Location, location, location. Jumping the pond and researching records in your country of origin will most likely not be possible unless you figure out where exactly your ancestor lived. You will probably need to know the exact town, county, parish, etc. People who try to find an ancestor at the country level will hit a brick wall, and usually the first lesson is that what may seem like a unique name and surname in the U.S. is often very common in the country of origin. So how do we begin our search?
Start with what you know!
1) Fill out a pedigree chart. Begin with yourself and fill out your parents', your grandparents', and great-grandparents' information. Include information on siblings, if you know it.
Tip: Many beginners make the mistake of focusing only on direct family lines, but in fact, records for siblings of grandparents or great-grandparents may have the tidbit of information you cannot find in the records belonging to your direct ancestor.

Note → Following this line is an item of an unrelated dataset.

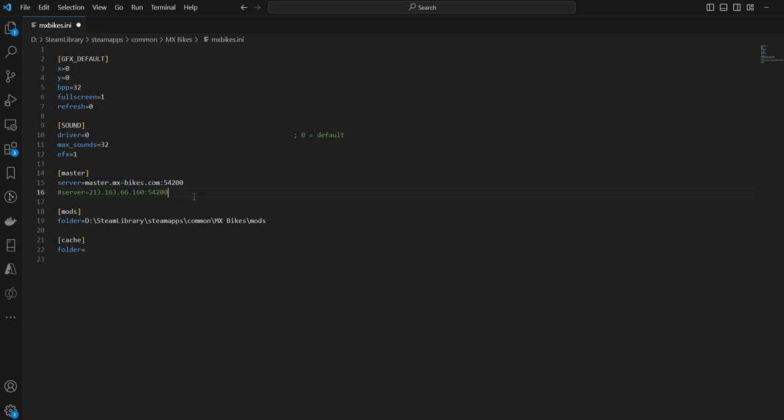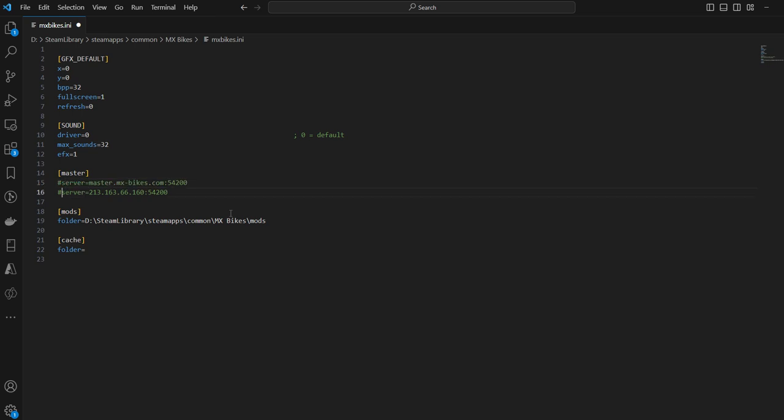You really want to keep master.mxbikes.com, but as a temporary fix to be able to play again, just do it this way. Save, restart the game, enjoy. Subscribe, like, whatever. Bye guys!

2) Interview your family members, starting with the oldest members first. If I had a dime for every time I wished I had interviewed my grandparents or their siblings before they died, I'd be rich by now.
- Videotape or record them, if you can.
- Ask about marriages, deaths, births, traditions, immigration/emigration stories.
- If you google "family history interview questions" you will find several links to help identify the best questions to ask.
- Go through family albums and record your family members' memories.
- If friends or neighbors are available, ask them questions as well.